What was the starting point of your collection?
My final collection drew on a personal experience: four years ago, I touched a whale’s skin for the first time. I was surprised by its lustre, caught between its beauty and the moral dilemma of such a product. I posed a set of conceptual questions to commence the project:
How greatly are we living amongst the sacrifices of countless beings?
How informed are we about what’s behind products we deem beautiful?
How, as individuals, do we feel about this?
How did you begin your making process?
Usually in the initial stage of my process, before I start designing, I first create sculptures or small pieces that relate to my concept. Working in this way can help me to break the limits around any idea I have far more easily than if I were to design in the ‘usual’ way. Creating a sculpture can be an individual work in itself, so there’s far more chance to develop ideas.

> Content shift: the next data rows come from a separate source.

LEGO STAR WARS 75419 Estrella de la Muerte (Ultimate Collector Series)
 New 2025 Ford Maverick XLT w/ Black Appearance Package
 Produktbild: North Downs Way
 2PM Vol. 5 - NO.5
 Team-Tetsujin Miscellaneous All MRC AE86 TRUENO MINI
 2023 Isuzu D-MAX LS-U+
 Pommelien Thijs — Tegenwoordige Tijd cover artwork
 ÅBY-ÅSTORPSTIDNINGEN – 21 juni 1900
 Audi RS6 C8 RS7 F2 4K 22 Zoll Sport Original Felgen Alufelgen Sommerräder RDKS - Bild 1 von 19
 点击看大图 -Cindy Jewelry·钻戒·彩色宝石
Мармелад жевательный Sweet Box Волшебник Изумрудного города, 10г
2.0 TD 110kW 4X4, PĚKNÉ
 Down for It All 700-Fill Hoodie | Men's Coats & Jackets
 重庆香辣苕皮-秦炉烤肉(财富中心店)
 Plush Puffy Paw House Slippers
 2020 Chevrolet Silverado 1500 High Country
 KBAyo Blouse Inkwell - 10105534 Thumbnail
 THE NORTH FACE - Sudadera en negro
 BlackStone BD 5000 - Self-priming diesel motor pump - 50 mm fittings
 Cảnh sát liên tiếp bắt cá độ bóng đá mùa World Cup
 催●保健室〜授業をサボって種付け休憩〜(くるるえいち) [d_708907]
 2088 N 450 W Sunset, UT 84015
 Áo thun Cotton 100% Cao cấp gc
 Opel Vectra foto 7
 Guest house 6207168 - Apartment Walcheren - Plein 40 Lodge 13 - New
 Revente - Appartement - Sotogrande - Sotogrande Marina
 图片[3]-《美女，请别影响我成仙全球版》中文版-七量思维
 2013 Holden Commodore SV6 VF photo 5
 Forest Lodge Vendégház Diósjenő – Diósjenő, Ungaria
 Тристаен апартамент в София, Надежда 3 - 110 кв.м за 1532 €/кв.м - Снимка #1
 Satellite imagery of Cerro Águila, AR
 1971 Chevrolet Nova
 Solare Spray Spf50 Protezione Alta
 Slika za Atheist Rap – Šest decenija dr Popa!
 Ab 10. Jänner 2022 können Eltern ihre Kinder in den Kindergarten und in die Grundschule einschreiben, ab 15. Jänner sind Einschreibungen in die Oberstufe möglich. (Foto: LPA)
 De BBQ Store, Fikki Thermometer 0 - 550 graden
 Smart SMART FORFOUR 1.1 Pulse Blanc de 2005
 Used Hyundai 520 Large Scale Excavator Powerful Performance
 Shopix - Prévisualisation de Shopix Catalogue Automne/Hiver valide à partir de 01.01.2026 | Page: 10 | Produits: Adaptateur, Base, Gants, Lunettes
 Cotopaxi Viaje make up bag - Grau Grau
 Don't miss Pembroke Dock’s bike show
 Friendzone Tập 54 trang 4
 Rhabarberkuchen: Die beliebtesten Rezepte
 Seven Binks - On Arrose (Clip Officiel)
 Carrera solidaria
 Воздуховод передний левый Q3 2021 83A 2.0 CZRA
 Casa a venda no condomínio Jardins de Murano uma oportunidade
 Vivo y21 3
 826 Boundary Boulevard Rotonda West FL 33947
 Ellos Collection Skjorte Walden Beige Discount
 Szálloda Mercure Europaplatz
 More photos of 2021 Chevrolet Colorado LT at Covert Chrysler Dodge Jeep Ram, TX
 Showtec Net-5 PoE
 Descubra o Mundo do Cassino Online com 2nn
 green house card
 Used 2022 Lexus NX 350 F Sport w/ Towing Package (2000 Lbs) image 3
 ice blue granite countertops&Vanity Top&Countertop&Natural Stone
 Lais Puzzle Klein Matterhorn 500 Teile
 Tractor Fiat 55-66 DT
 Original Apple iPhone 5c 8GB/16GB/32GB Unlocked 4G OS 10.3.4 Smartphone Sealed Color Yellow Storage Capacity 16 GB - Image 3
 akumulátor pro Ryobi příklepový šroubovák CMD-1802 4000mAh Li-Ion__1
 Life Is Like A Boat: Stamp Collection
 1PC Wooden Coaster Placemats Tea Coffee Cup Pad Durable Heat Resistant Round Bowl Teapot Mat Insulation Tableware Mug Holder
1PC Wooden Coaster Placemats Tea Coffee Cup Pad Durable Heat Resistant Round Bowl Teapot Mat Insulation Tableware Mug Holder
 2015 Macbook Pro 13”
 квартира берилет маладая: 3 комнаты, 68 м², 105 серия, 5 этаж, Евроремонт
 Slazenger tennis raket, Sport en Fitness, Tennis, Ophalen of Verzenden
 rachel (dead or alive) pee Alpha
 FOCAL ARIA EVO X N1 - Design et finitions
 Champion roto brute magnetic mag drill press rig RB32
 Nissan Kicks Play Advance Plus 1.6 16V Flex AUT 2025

To me, shoes are more like sculptures, not just ‘fashion’ items. As a form, shoes satisfy both my interest in fashion and art, and I understand my work to fit into both categories. When you design something, it starts as one thing, but as it develops, it hangs between art and design with no clear borderline.
How was your experience of studying at the RCA?
Both the curriculum and vision at the RCA are very different compared to my BA in Korea. The tutors and technicians always encouraged me to think and act freely in my work. There were no limits and I could pursue virtually any idea that came to mind.
Because of my concept, I couldn’t use any animal products. Therefore I had to find new materials for the body, the sole, and even the smaller parts that make up the inside of the shoe. During my process, I had to use a CNC machine to create my material, ‘micro-rubber’, in a usable form. I had a lot of difficulty with handling this material, because it was something new, and I had never tried these processes before.